In addition, the Board has created several standing committees (the Executive Committee; the Dividend Committee; the Audit Committee; the Compliance, Risk Management and Regulatory Oversight Committee; the Nominating and Governance Committee; the Open-End Funds Committee; and the Closed-End Funds Committee). The Open-End Funds Committee and Closed-End Funds Committee are intended to assist the full Board in monitoring and gaining a deeper insight into the distinctive business practices of closed-end and open-end funds. These two Committees have met prior to each quarterly Board meeting, and the Adviser provided presentations to these Committees permitting them to delve further into specific matters or initiatives impacting the respective product line.
Further, the Board continued its program of seeking to have the Board Members or a subset thereof visit each sub-adviser to the Nuveen funds and meet key investment and business personnel at least once over a multiple year rotation. In this regard, the Independent Board Members made site visits to certain equity and fixed income teams of the Sub-Adviser in September 2013 and met with the Sub-Adviser’s municipal team at the August and November 2013 quarterly meetings.

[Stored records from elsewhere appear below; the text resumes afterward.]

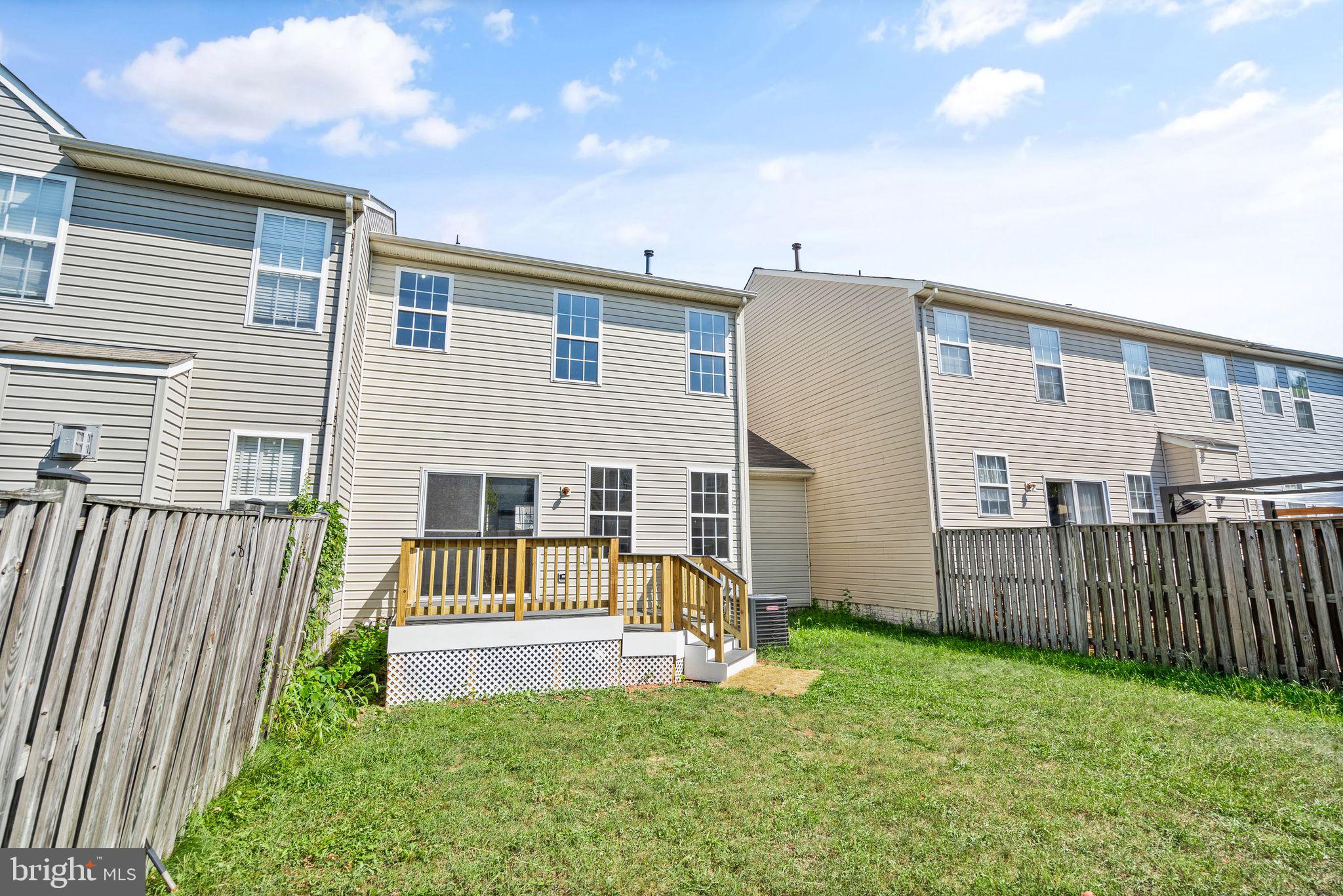 ASHBURN VILLAGE - Residential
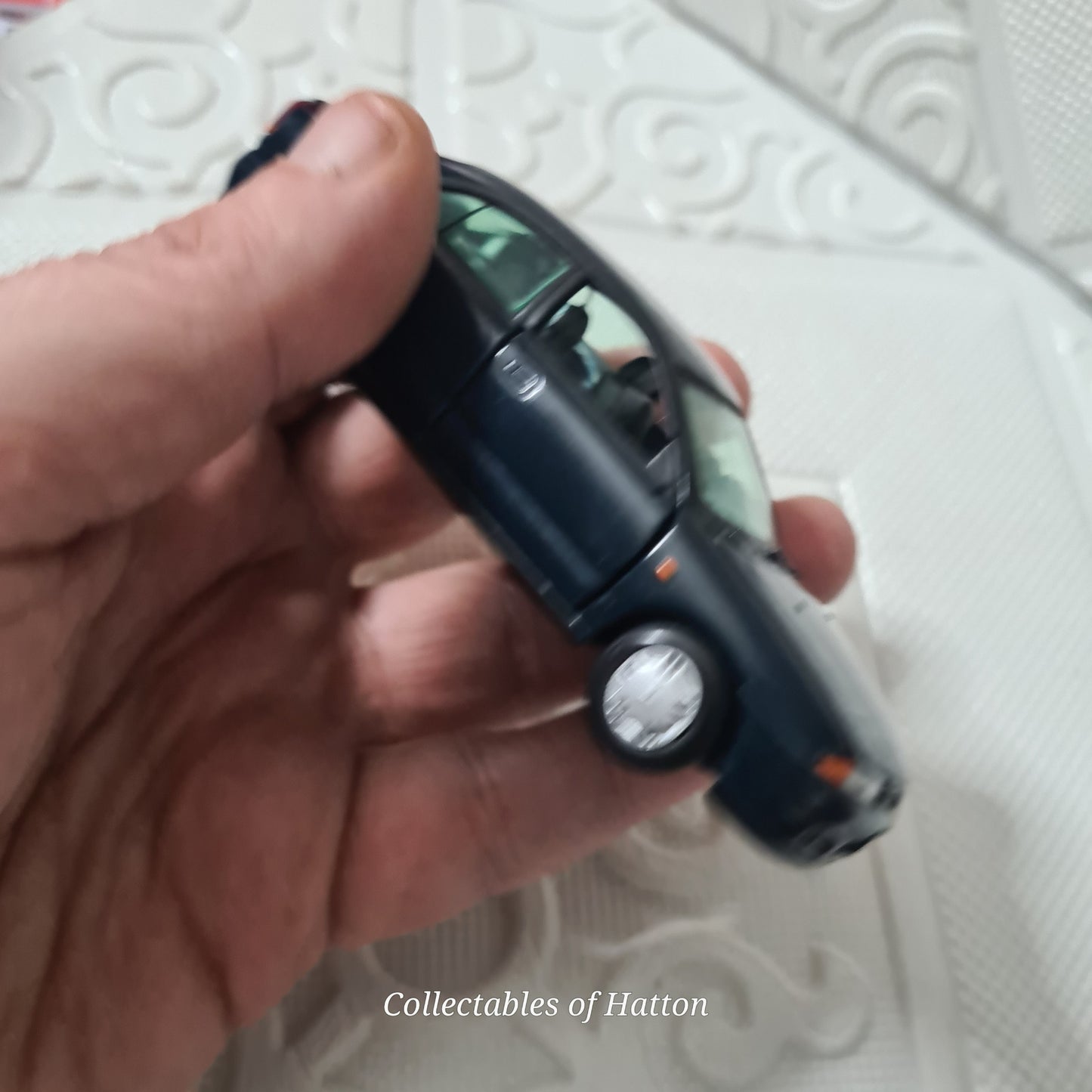 Vitesse 1:43 Mitsubishi Carisma dark blue loose diecast model very good no mirrors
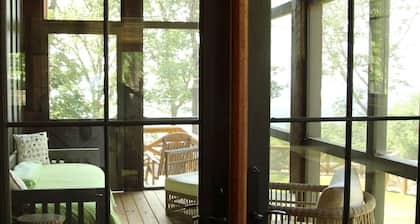 Beautiful Brow home on Lookout Mountain in Mentone, Alabama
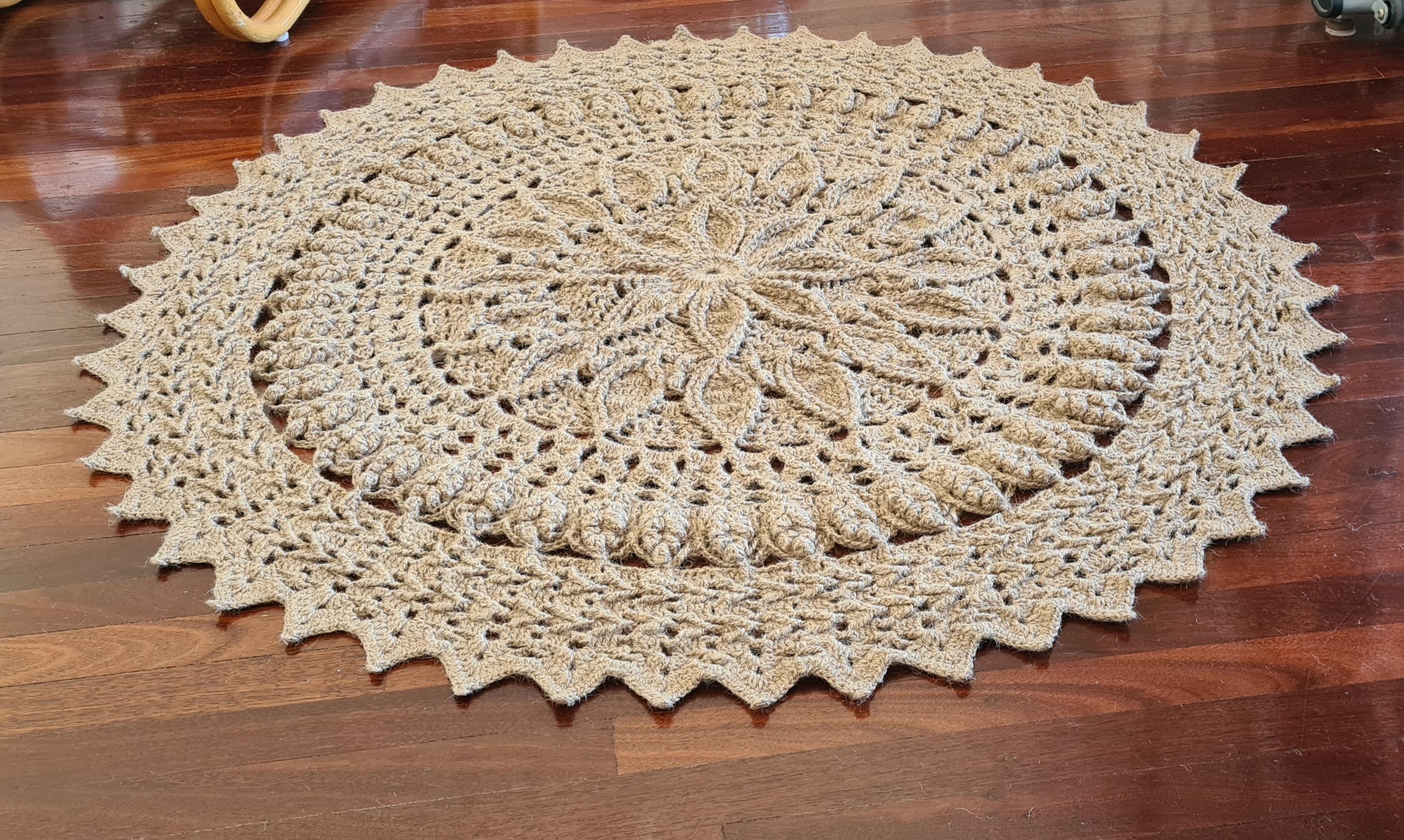 Jute floor rug | Scrolller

The Board considered the information provided and knowledge gained at these meetings and visits during the year when performing its annual review of the Original Advisory Agreements and its review of the New Advisory Agreements. The Independent Board Members also were assisted throughout the process by independent legal counsel. During the course of the year and during their deliberations regarding the review of advisory contracts, the Independent Board Members met with independent legal counsel in executive sessions without management present. In addition, it is important to recognize that the management arrangements for the funds are the result of many years of review and discussion between the Independent Board Members and Nuveen fund management and that the Board Members’ conclusions may be based, in part, on their consideration of fee arrangements and other factors developed in previous years.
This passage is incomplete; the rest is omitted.